═════ GIVEN DATA ═════

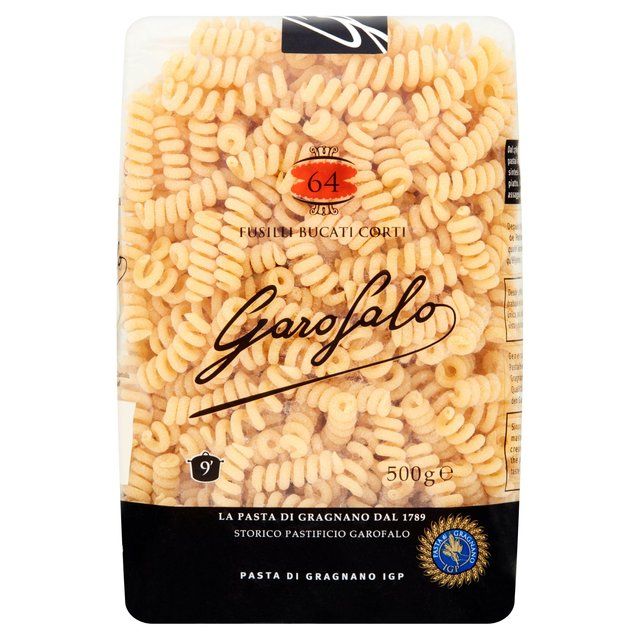 Garofalo Fusilli Bucati Corti Pasta   500g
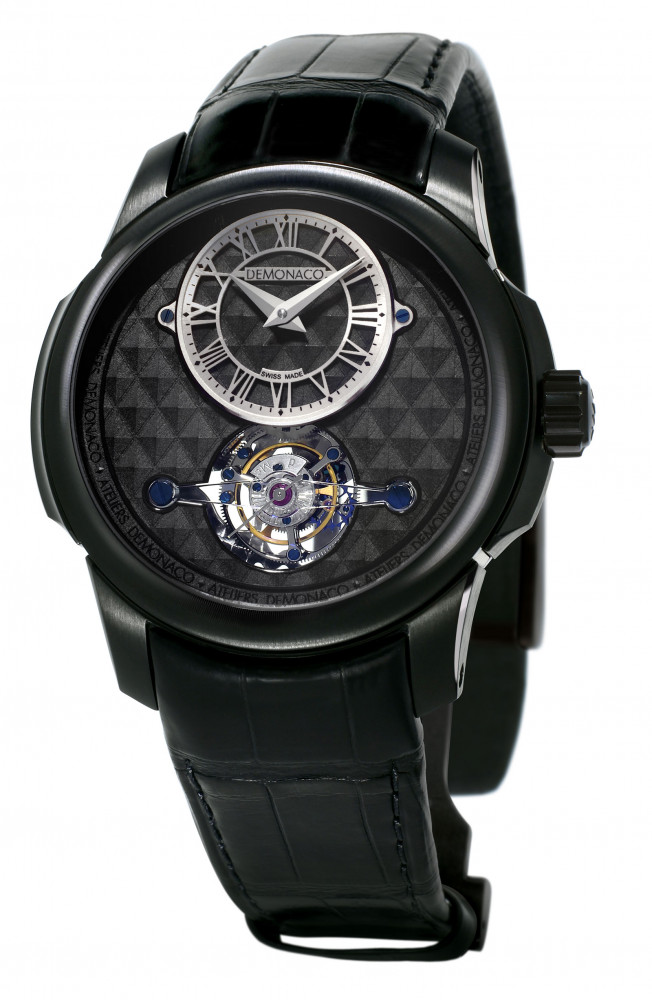Ateliers deMonaco Tourbillon Oculus 1297 Black Titanium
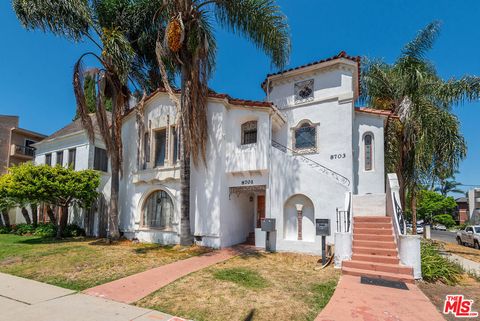 8701 W Olympic Boulevard Los Angeles CA 90035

═════

▶ **WHAT YOU ARE ASKED TO DO**
Starting at the line that contains "Ateliers deMonaco Tourbillon", restate each line verbatim through the final line of the listing, skipping all pictures.

▶ **PROBLEM SOLUTION**
Ateliers deMonaco Tourbillon Oculus 1297 Black Titanium
 8701 W Olympic Boulevard Los Angeles CA 90035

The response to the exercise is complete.